== Goal of the exercise ==
Write out, exactly as they stand, the line containing "Find odd one" and all subsequent lines up to and including the final line of the records.

==================================================

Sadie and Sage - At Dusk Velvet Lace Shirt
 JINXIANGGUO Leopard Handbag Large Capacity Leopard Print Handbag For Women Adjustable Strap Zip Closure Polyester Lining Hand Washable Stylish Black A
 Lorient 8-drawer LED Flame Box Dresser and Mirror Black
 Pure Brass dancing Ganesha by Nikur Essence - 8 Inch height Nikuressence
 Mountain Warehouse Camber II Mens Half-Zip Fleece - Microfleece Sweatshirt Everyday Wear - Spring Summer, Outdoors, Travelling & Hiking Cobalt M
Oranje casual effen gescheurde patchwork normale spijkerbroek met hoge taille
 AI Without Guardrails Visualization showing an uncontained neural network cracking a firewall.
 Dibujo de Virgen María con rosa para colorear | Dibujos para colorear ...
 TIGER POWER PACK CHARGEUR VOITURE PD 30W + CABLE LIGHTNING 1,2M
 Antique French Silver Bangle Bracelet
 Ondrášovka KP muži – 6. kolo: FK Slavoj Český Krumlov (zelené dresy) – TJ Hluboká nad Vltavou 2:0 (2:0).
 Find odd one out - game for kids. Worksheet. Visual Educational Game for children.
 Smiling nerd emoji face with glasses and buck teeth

==================================================

== Solution for this exercise ==
 Find odd one out - game for kids. Worksheet. Visual Educational Game for children.
 Smiling nerd emoji face with glasses and buck teeth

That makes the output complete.